The DITAS Cloud Platform allows developers to design data-intensive applications, deploy them on a mixed cloud/edge environment and execute the resulting distributed application in an optimal way by exploiting the data and computation movement strategies. In this post, we’ll focus on the data movement within the DITAS project as it poses several interesting challenges. Data has to be moved on demand between edge and cloud, partial and updated data also needs to be kept in sync and simultaneously the data has to go through different transformations depending on the user requirements. The use cases in the project utilize both relational databases and object storage.

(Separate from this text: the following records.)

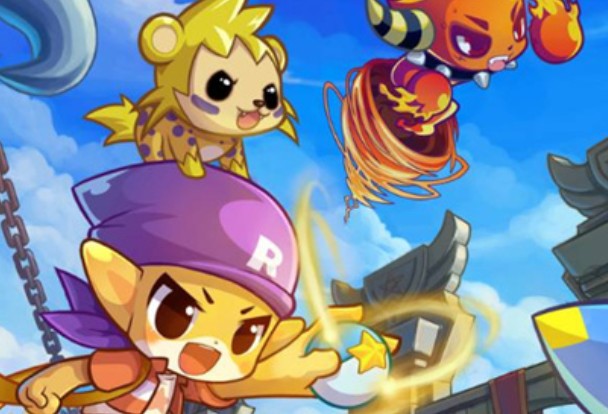 洛克王国水灵石获取与作用全解析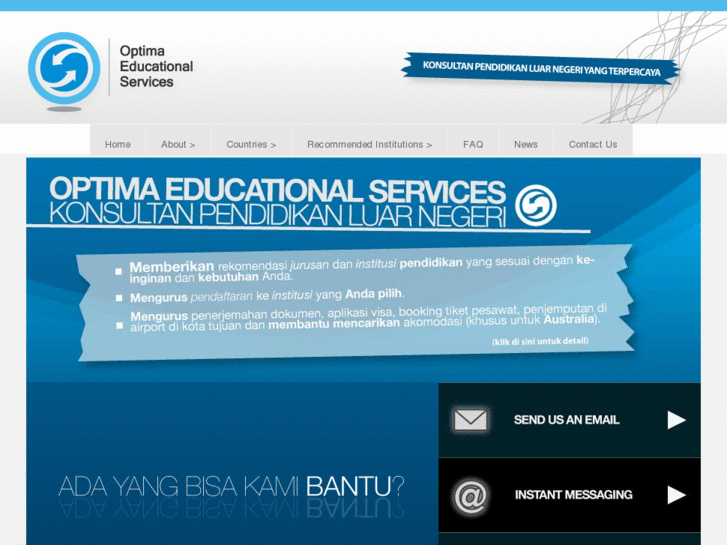 www.optima-education.com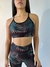 TOP AMAZONAS NEON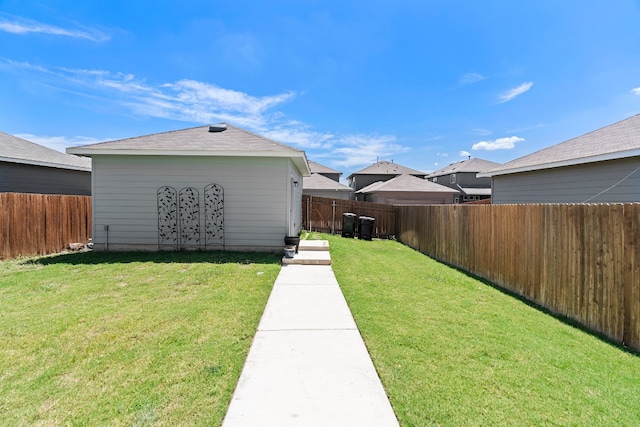 212 Timber Brook Dr, Hutto, TX 78634 - photo 28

The DITAS eco-system has several components responsible for performing the tasks related to data movement. The workflow begins with the Decision System for Movement (DS4M) which is actively checking all the gathered metrics and monitoring information, when detecting a violation that might cause increased latency accessing the data, it initiates a data movement.

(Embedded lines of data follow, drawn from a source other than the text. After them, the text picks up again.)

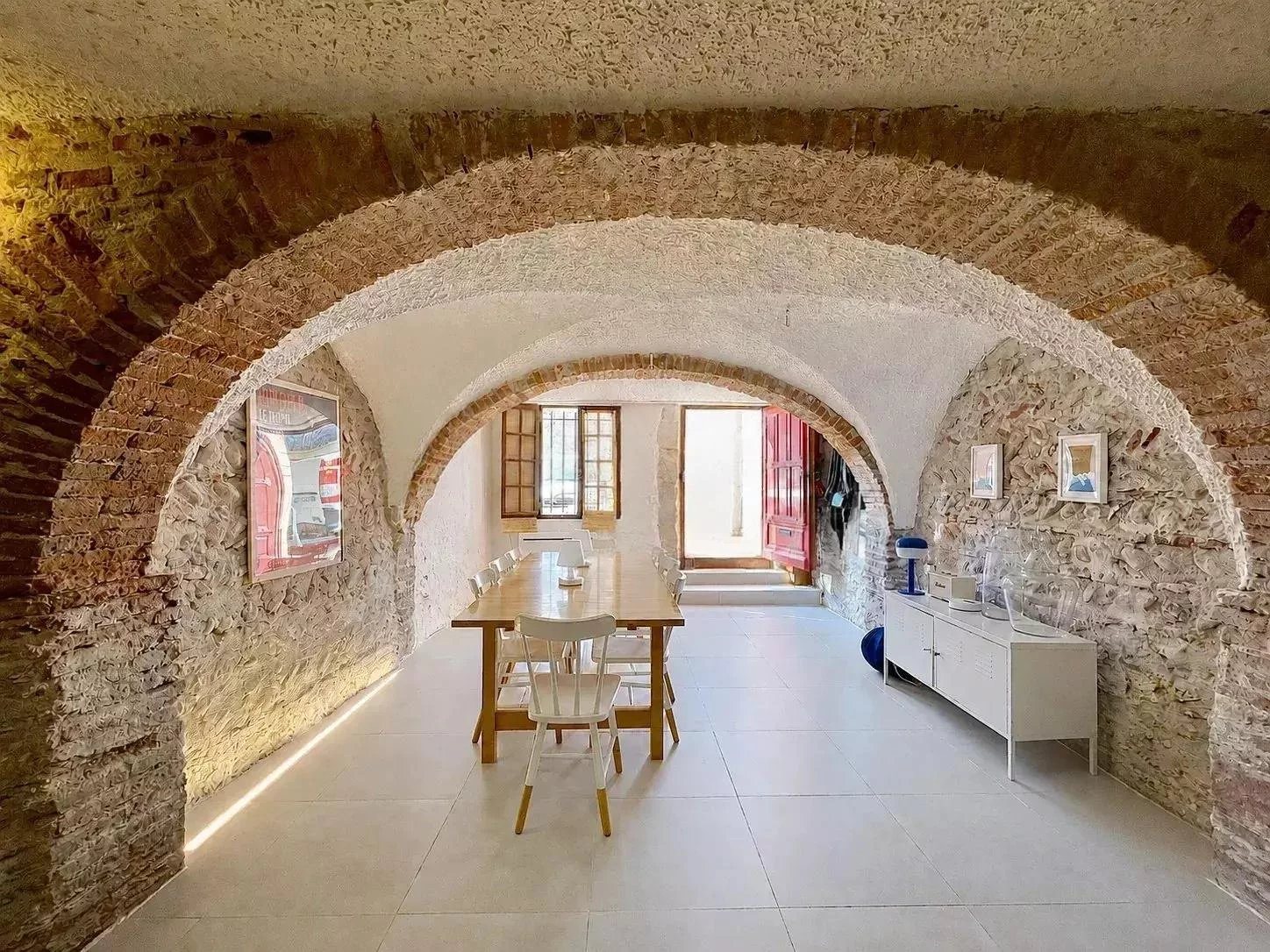 Maison à vendre, 141m², Claira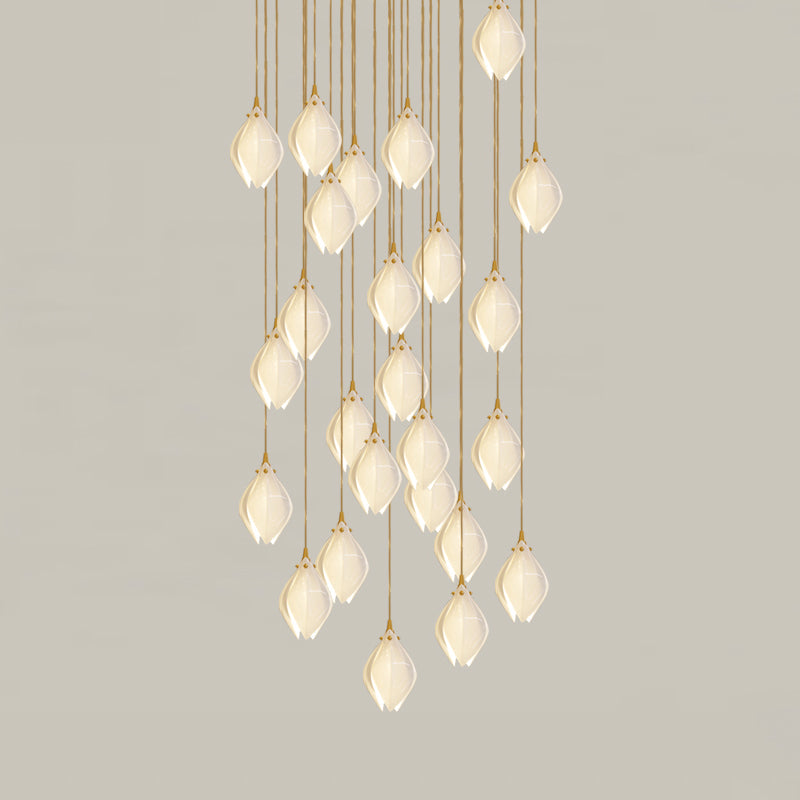Gryvon Hanglamp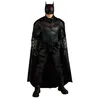 Image de The Batman - Figurine 1/12 The Batman 17 cm en occasion ou reconditionné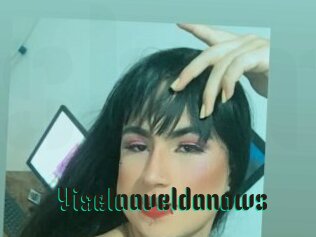 Yiselaaveldanows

The Data Movement Enactor (DME) runs within the DITAS management layer (VDM). It serves as the orchestrator and endpoint which the decision system queries. The DME is queried by the DS4M via a REST API and sends a JSON payload. It receives the initial movement request from the DS4M and compiles all the table or object data from the DS4M request into SQL queries, which are then sent to the Data Access Layer component (DAL). The DAL transforms and prepares the data, it receives the needed transformation from the DME (which in turns it gets with the initial request from the DS4M).
One of the challenges posed by moving partial database table data is that we need to keep in sync all the newly added and modified records. For this reason we use a third party application called SymmetricDS (https://www.symmetricds.org/). SymmetricDS is an open source database replication software and it provides a convenient way of keeping track of database modifications.

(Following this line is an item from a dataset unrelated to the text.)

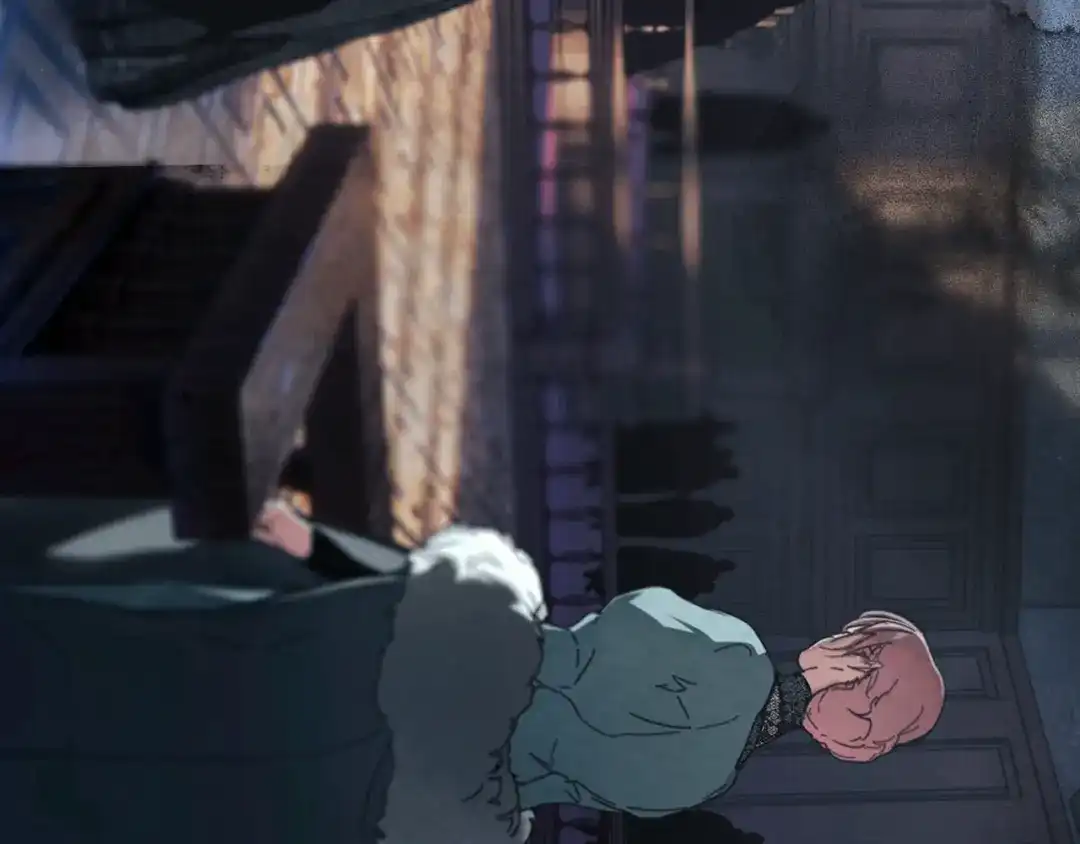 第264页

The DME keeps a cache of the table names that were moved, based on that and utilizing SymmetricDS, it monitors modifications on the needed tables. Additional SQL queries that describe these modifications are composed and sent to the DAL in a similar way to how the data movement is initiated, as described above. The DAL is then responsible for the transformation of the extracted data from the SQL query provided by the DME. The data is then exported in the Apache Parquet (https://en.wikipedia.org/wiki/Apache_Parquet) format and uploaded to a shared FTP server.
To facilitate the actual data movement, the DAL component is recreated in the target location. This is performed by the Deployment engine (DE) upon request by the DME. The moved DAL can then access the generated Parquet file already on the FTP server and recreate the data in the target cluster.
This wraps up a very brief and high level view of how data movement is performed “under the hood” of the DITAS cloud platform. This is still subject to some optimisation and may undergo changes in the final version of DITAS.